_PROBLEM TO SOLVE_: Retype the lines below exactly, but only those from the line that has "Woman reclining on" through the line that has "Gold-tone waist chains". Omit every picture.

_INFORMATION GIVEN_:
--------

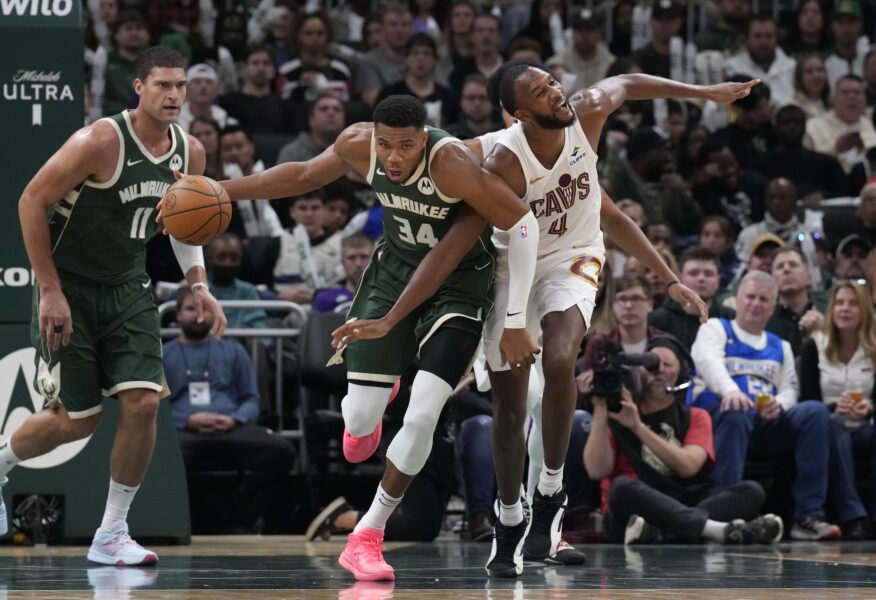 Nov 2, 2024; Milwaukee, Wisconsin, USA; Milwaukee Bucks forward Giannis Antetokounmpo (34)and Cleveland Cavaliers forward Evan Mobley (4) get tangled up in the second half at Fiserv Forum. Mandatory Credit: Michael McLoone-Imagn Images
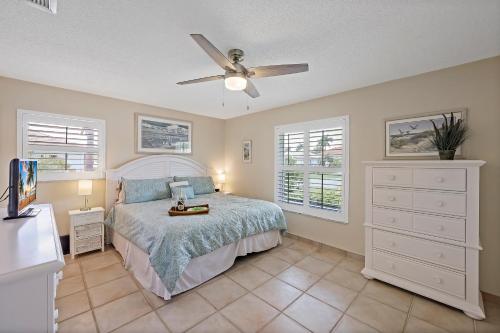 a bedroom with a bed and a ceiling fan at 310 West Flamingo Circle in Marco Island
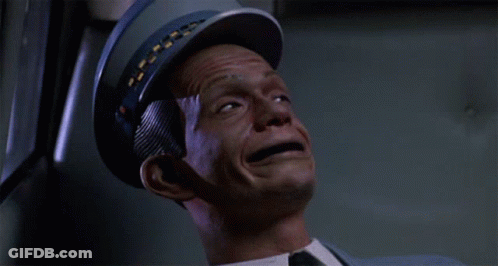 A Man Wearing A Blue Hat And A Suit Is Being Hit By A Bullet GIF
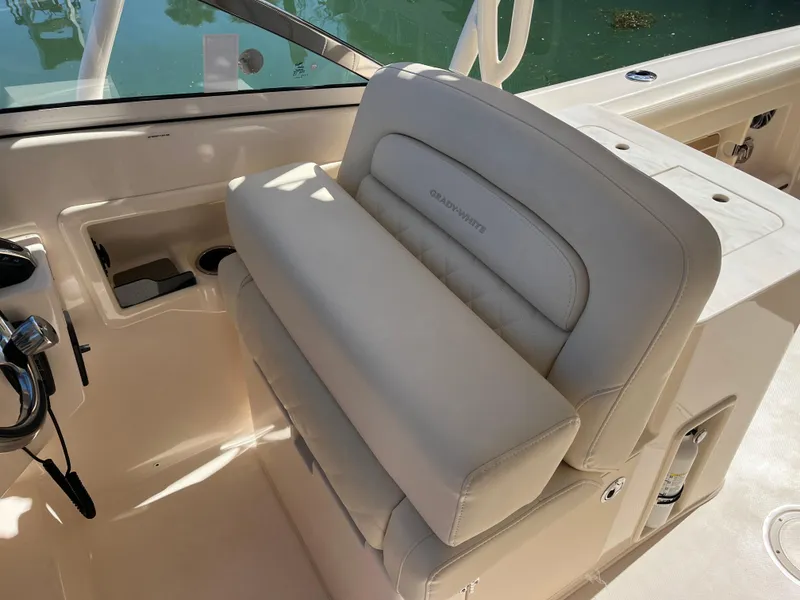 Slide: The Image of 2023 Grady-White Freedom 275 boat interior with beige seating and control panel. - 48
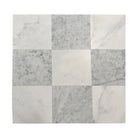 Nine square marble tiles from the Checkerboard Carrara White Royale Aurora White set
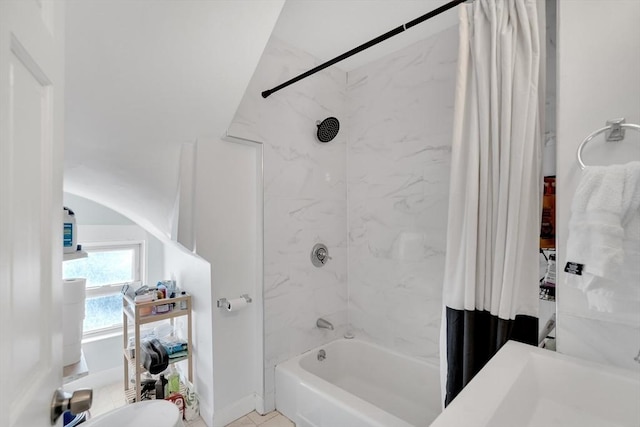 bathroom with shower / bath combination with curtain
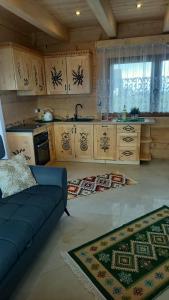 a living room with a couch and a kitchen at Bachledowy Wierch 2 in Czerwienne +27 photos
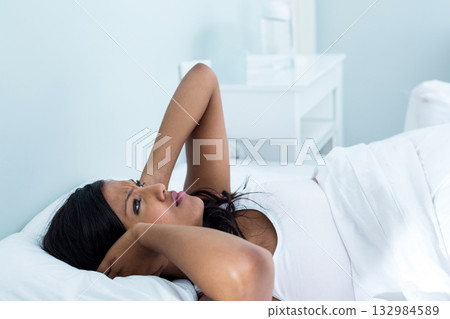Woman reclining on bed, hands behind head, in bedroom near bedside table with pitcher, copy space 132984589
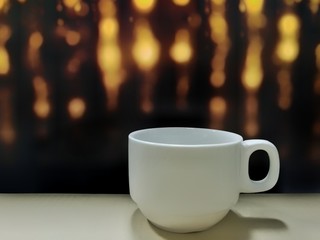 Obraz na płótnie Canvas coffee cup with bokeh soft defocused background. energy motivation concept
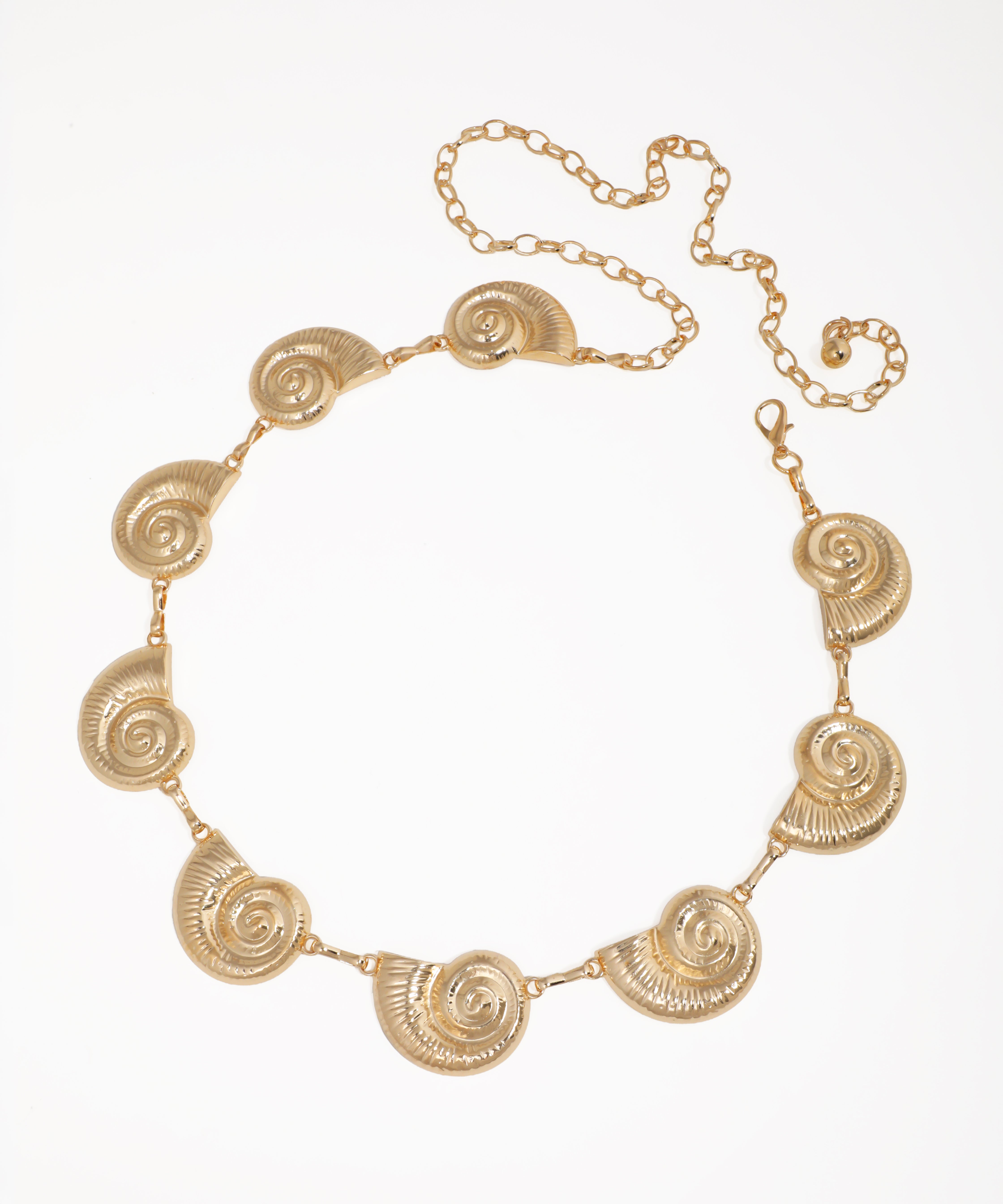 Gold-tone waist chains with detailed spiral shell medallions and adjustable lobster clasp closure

--------

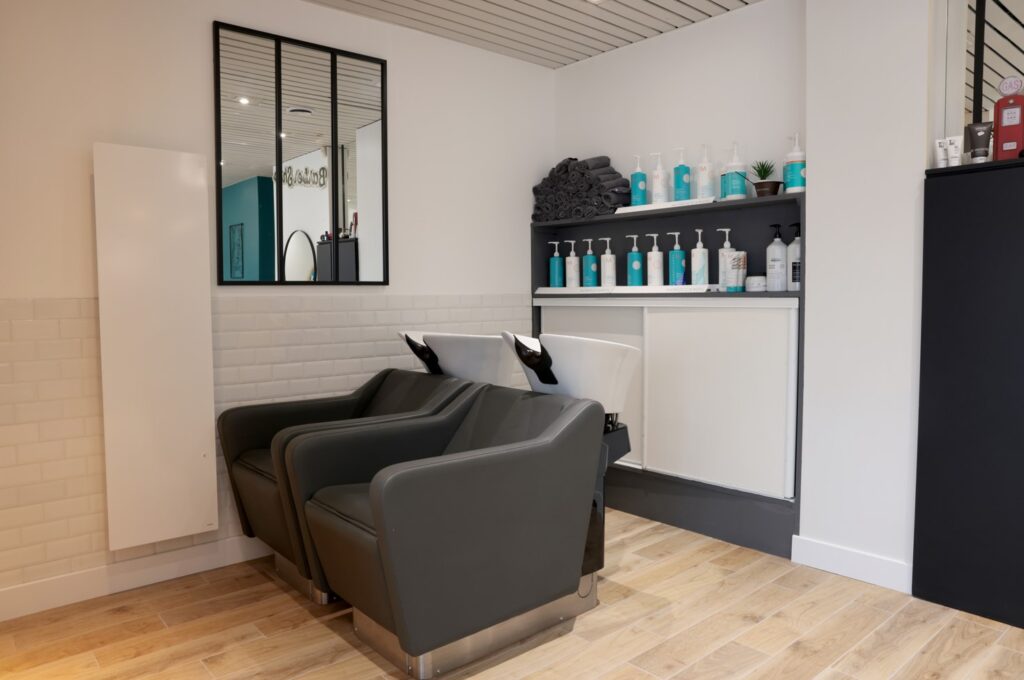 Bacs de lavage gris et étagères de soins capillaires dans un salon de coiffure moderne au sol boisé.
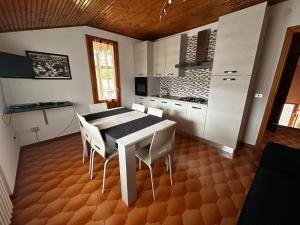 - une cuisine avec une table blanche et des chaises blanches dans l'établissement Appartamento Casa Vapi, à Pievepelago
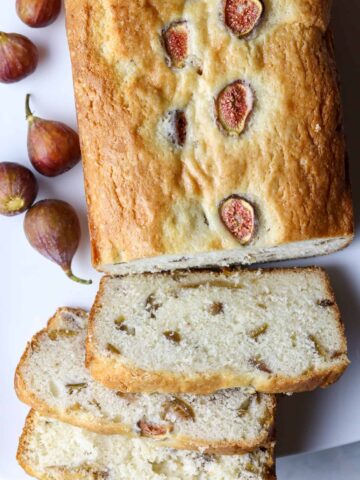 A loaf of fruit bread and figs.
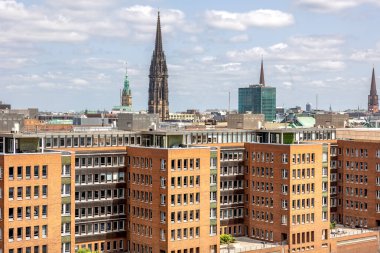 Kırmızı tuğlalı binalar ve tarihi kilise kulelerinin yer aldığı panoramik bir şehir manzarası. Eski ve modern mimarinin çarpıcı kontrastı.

--------

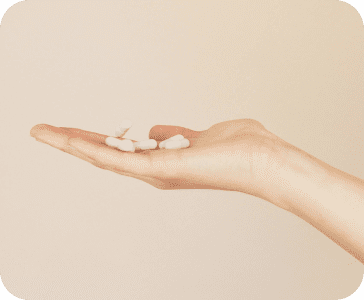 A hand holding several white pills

--------

_RESULT FOR THIS EXERCISE_:
Woman reclining on bed, hands behind head, in bedroom near bedside table with pitcher, copy space 132984589
 Obraz na płótnie Canvas coffee cup with bokeh soft defocused background. energy motivation concept
 Gold-tone waist chains with detailed spiral shell medallions and adjustable lobster clasp closure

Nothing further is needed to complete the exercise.